#### [Material to process]
"""

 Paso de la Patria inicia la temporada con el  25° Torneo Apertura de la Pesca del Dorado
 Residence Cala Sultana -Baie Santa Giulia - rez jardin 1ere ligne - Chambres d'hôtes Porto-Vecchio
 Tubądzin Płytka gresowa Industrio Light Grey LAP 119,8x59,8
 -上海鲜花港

"""
"""

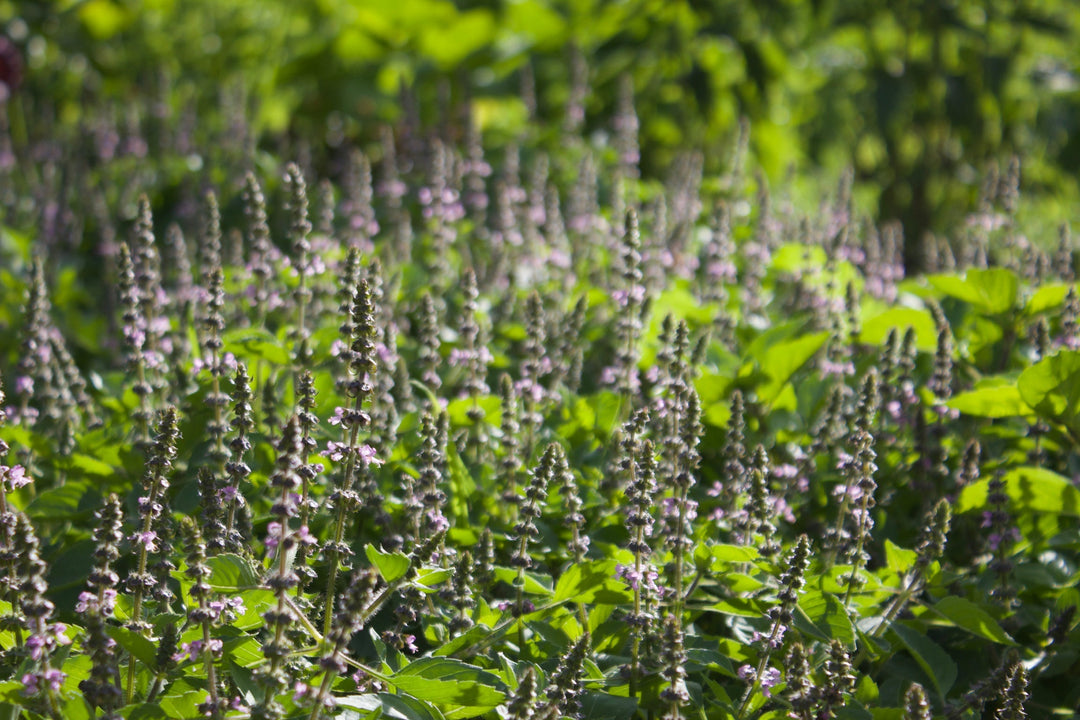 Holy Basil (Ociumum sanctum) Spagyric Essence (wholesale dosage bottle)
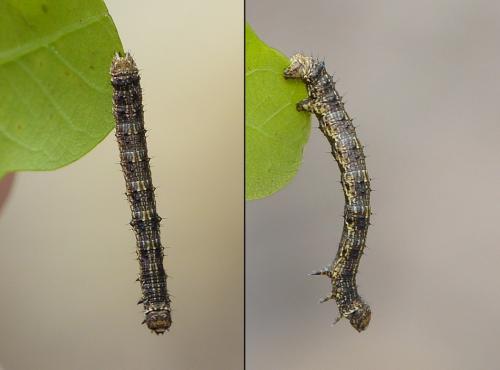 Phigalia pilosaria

"""

Write out the lines above from the one with "Holy Basil (Ociumum" through the one with "Phigalia pilosaria", ends included, exactly; no picture goes in.

 Holy Basil (Ociumum sanctum) Spagyric Essence (wholesale dosage bottle)
 Phigalia pilosaria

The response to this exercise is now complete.